近年ヨーロッパでプレーする日本人選手は爆発的に増加している。
これは日本サッカーが進化していることを分かりやすく示すものだが、そうかといって過去の選手たちに実力がなかったわけでもない。
当時はまだヨーロッパにおける日本人選手の地位が低く、さまざまな障壁によって移籍が実現しなかったのが実情だ。
ここでは、1980~90年代にヨーロッパ強豪クラブへの加入が近づいたものの最終的には実現しなかった選手たちをご紹介しよう。
前園真聖
昭和48年生まれ(51歳)
加入寸前だったクラブ:セビージャ(スペイン)
1990年代に一世を風靡したスター選手であり、現在はタレントとして活躍する前園真聖。

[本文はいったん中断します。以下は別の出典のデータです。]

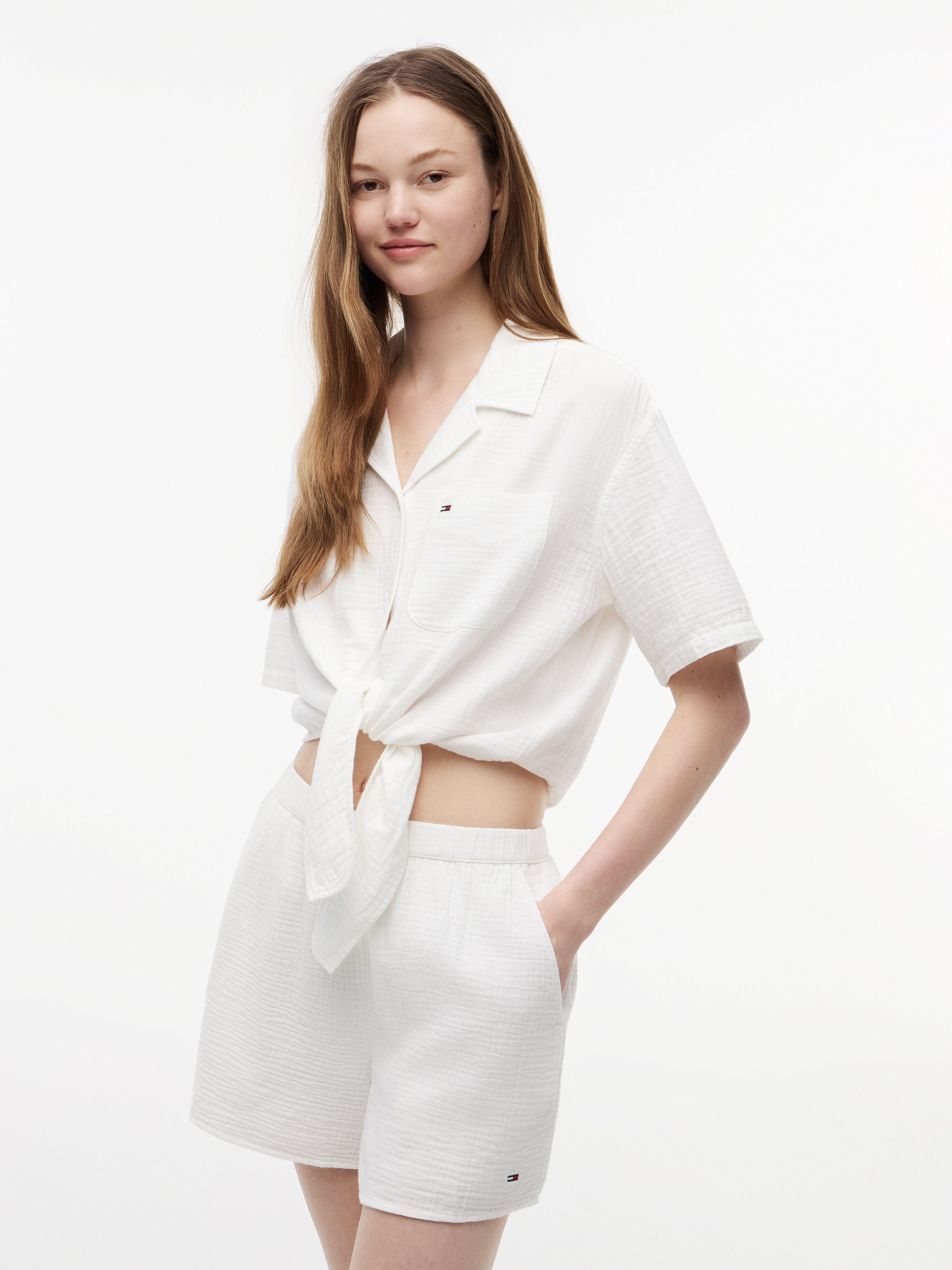 TJW TEXTURED TIE FRONT SS SHIRT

日本代表は現在ワールドカップに7大会連続、五輪に8大会連続出場しているが、そのすべては彼が主将として導いた1996年アトランタ五輪出場から始まっていると言えるだろう。
アトランタ世代では、数年後にヨーロッパで衝撃を与える中田英寿の兄貴分的な存在であり、彼が全盛期だった頃のドリブルは「世界で通用する」と誰もが絶賛した。

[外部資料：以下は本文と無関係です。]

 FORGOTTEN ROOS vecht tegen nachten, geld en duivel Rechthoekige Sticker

実際、横浜フリューゲルス時代にスペインのセビージャからオファーを受けている。
ただ当時は代理人や移籍金のシステムが整っていなかったため叶わず。後年、「キャリアにおける唯一の心残り」と話している。
岡野雅行
昭和47年生まれ(52歳)
加入寸前だったクラブ:アヤックス(オランダ)
長髪をなびかせ、爆発的なスピードでピッチを疾走する姿から“野人”と呼ばれた岡野雅行。

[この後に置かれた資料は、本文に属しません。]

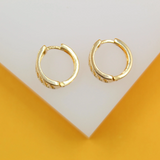 18K Gold Filled Small Minimalist Designed CZ Huggies Mini Hoop Earrings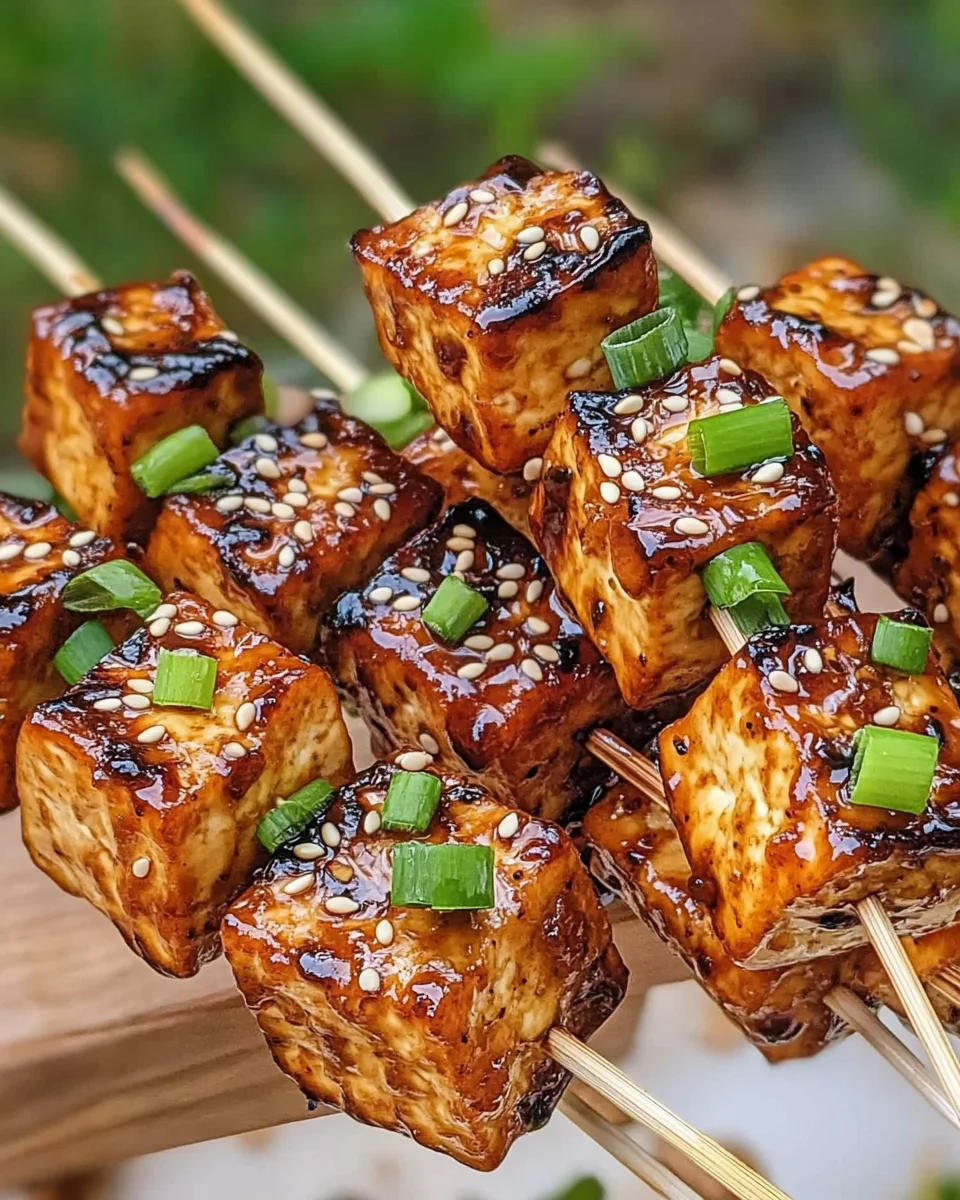 Knoblauch-Soja-Glasierte Tofu-Spie&szlig;e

日本代表は1998年にワールドカップへ初出場しているが、それを決めた大一番で決勝ゴールを記録したのが岡野であり、その試合は通称“ジョホールバルの歓喜”と呼ばれている。
そんな彼のプレーぶりに目を付けたのがオランダの超名門アヤックスだった。
同クラブは『足が速い選手』を獲得の基準としており、大学時代にバスケットシューズで100メートル10秒7を叩き出した逸話(本人談)をもつ岡野に熱烈なラブコールを送った。
岡野はアヤックスの練習に参加し、当時「世界一速い」と言われた元ナイジェリア代表FWティジャニ・ババンギダにもスピードで勝っていたという。
しかし所属していた浦和レッズがJ2降格の危機にあったこともあり、引き止められて破談に。今年になって当時を振り返り、「あれはやりたかったね」と残念がっていた。